| WHAT IS EXPECTED |
Output the data word for word, dropping every image.

──────── RECORDED DATA ────────

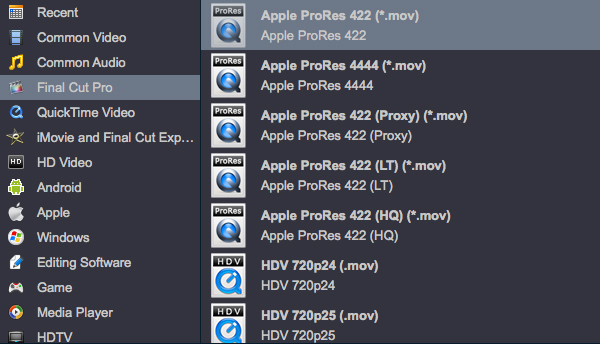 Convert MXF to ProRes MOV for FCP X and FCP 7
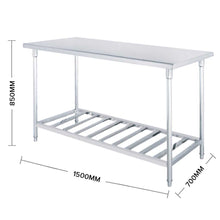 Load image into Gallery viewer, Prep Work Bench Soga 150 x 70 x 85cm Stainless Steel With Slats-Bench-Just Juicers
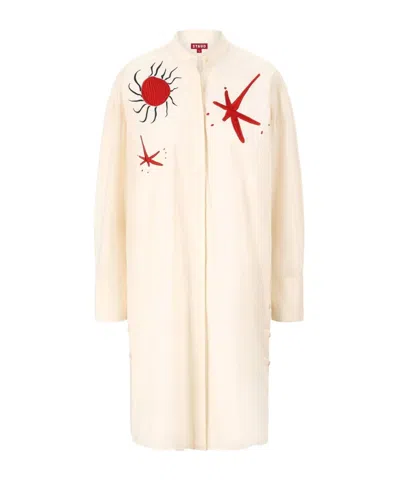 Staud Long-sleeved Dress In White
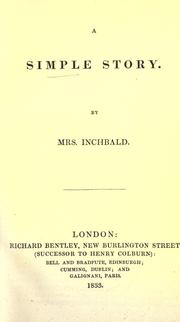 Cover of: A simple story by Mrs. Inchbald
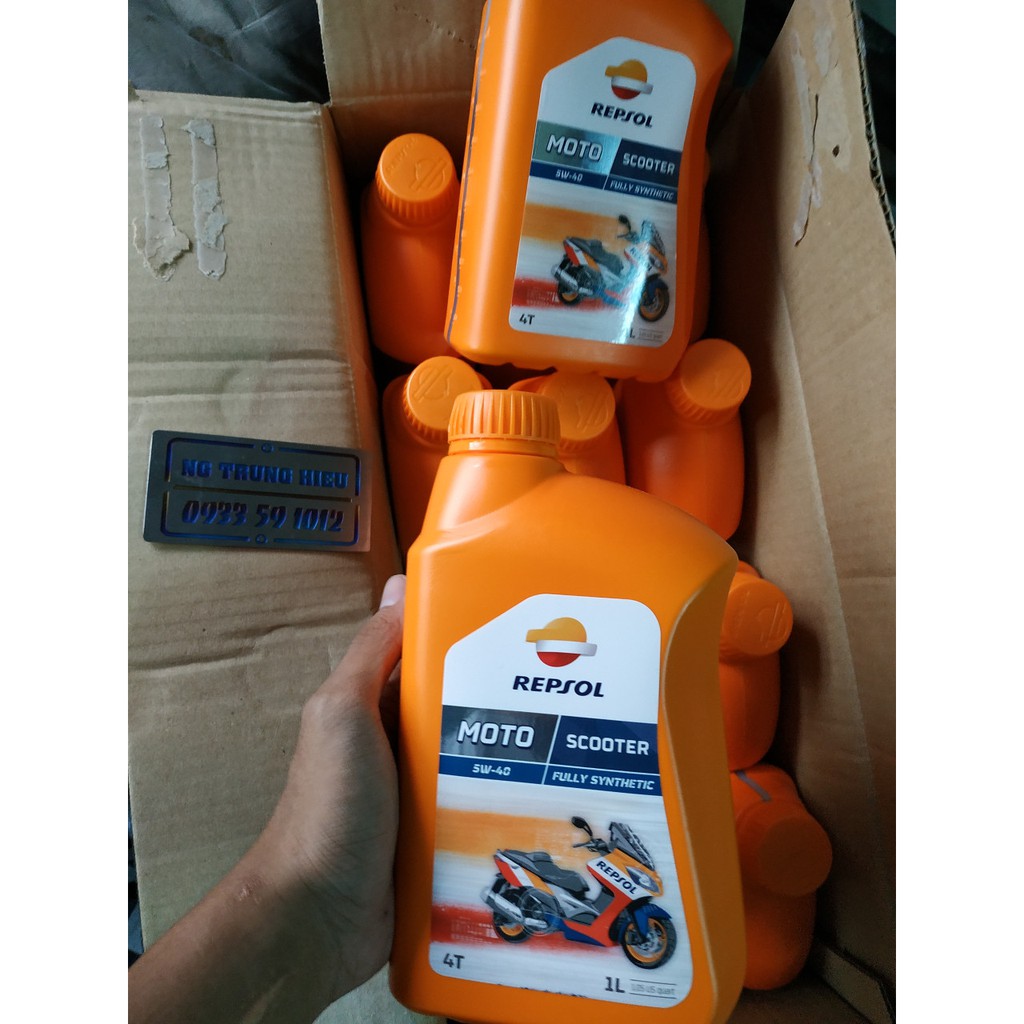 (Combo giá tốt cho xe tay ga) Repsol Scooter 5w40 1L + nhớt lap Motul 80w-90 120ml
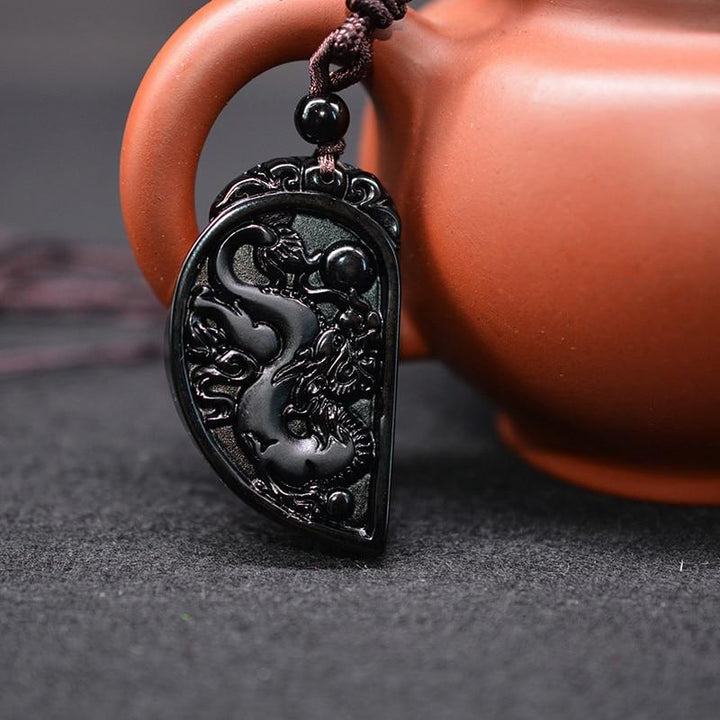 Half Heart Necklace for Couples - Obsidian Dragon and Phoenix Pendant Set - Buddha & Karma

────────

| SOLVED PROBLEM |
 Convert MXF to ProRes MOV for FCP X and FCP 7
 Load image into Gallery viewer, Prep Work Bench Soga 150 x 70 x 85cm Stainless Steel With Slats-Bench-Just Juicers
 Staud Long-sleeved Dress In White
 Cover of: A simple story by Mrs. Inchbald
 (Combo giá tốt cho xe tay ga) Repsol Scooter 5w40 1L + nhớt lap Motul 80w-90 120ml
 Half Heart Necklace for Couples - Obsidian Dragon and Phoenix Pendant Set - Buddha & Karma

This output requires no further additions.